I agree with** Hector_St_Clare** - you are making a distinction without a difference between tribal massacres and ethnic genocide.
And again - how do you know that something that you would agree was ethnic genocide happened before the white man came and was simply not recorded? If you are going to make a flat assertion that it never happened, then you need to produce evidence to demonstrate that it didn’t.
I gave the example of Shaka in Southern Africa. He would wipe out an entire tribe, but not simply because they were a different tribe. He was consolidating power under the Zulu banner in South Africa. Of course there were massacres, but it wasn’t because we’re the Tutsi and they’re Hutu “so we’re gonna kill em all.”
md2000 gave a good example of the difference. the same type of example I gave. I don’t get what’s so difficult about that.
Because in all the history I’ve studied, in all the conversations I’ve had with people whose knowledge of African history runs much deeper than mine, I can say there hasn’t been a recorded instance of one ethnic group committing genocide against another simply over ethnicity. Wars in Africa were fought over the same things every group of people within a nation has fought over.
There are plenty of books that touch on the subject. Walter Rodney’s ‘How Europe Underdeveloped Africa’ is a good one. Chancellor Williams ‘The Destruction of Black Civilization’ is another.
Hell, I don’t use wikipedia as a source, but even it says that the focus on race in Rwanda (though it should’ve said ethnicity) didn’t begin until the coming of the Belgians.
Re: md2000 gave a good example of the difference. the same type of example I gave
By that definition, there was no such thing as genocide anywhere in the world until the modern state was invented, and most twentieth century ‘genocides’ wouldn’t count either.
Regardless, African history is certainly full of one ethnic group violently conquering another and enslaving them, taking their land, etc. same as anywhere else. There were also religiously inspired wars, though I’m not aware of any attempt to exterminate unbelievers (unlike what Muslims and Christians elsewhere sometimes did).
Re: While there has been a substantial amount of intermarriage between Hutu and Tutsi over the centuries, they are still largely physically and genetically distinct groups. The Hutu are Bantu, and look it. The Tutsi are a mixture of Nilotic and Afro-Asiatic, and look it.

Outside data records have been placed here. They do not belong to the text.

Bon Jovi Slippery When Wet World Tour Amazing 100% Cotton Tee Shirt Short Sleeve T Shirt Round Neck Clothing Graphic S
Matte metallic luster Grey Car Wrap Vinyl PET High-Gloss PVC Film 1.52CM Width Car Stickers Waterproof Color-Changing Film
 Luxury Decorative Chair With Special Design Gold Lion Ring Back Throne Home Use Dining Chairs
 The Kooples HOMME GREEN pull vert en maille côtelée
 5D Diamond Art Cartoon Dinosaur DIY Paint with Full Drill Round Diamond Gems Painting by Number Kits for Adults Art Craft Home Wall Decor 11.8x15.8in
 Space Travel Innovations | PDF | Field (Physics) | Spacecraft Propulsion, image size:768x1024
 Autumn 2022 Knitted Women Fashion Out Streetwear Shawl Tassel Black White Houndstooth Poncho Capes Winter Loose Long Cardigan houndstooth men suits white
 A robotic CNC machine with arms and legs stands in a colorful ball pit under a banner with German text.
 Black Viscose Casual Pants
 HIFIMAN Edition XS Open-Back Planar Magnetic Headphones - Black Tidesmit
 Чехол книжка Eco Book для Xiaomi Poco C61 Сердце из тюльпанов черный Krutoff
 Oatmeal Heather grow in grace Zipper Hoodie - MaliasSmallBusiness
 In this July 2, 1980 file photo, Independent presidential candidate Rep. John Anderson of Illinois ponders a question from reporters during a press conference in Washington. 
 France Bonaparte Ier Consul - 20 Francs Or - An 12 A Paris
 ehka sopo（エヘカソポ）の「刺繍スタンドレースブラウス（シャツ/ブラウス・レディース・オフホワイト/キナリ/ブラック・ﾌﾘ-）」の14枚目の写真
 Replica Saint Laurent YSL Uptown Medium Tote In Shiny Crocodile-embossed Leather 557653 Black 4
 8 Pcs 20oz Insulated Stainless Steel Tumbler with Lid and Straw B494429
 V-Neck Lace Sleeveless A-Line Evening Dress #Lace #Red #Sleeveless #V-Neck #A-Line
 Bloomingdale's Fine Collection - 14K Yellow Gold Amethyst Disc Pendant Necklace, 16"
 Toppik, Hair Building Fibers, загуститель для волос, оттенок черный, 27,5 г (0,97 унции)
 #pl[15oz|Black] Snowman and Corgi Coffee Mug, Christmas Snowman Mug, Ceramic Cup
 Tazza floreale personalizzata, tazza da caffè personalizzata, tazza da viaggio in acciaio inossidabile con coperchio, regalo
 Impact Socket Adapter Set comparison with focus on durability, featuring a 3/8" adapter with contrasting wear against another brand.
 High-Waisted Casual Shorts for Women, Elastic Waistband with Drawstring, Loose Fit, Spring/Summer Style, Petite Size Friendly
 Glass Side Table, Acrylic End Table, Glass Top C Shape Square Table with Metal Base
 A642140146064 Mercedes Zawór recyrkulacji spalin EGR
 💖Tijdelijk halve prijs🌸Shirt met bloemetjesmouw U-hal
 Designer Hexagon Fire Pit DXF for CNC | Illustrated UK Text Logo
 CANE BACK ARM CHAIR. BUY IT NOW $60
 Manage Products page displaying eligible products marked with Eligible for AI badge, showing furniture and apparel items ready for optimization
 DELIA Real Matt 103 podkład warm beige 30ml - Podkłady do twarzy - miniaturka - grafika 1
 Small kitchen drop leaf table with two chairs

I’m a fan of Razib Khan’s stuff in general, but that post is just silly. No, a sample of 1 is not really any better than a sample of 0. (Well, maybe it has some evidentiary value, but extremely little). The Tutsi and Hutu may or may not ethnically distinct, but he certainly doesn’t demonstrate it. Also, Nilotic, Afro-Asiatic and Bantu are linguistic terms, not racial/ethnic ones. The Fulani have more Eurasian/Middle Eastern ancestry than the Hausa, for example, in spite of the fact that Hausa groups linguistically with Hebrew and Arabic (Afroasiatic family) and Fulani groups with the Niger-Congo languages.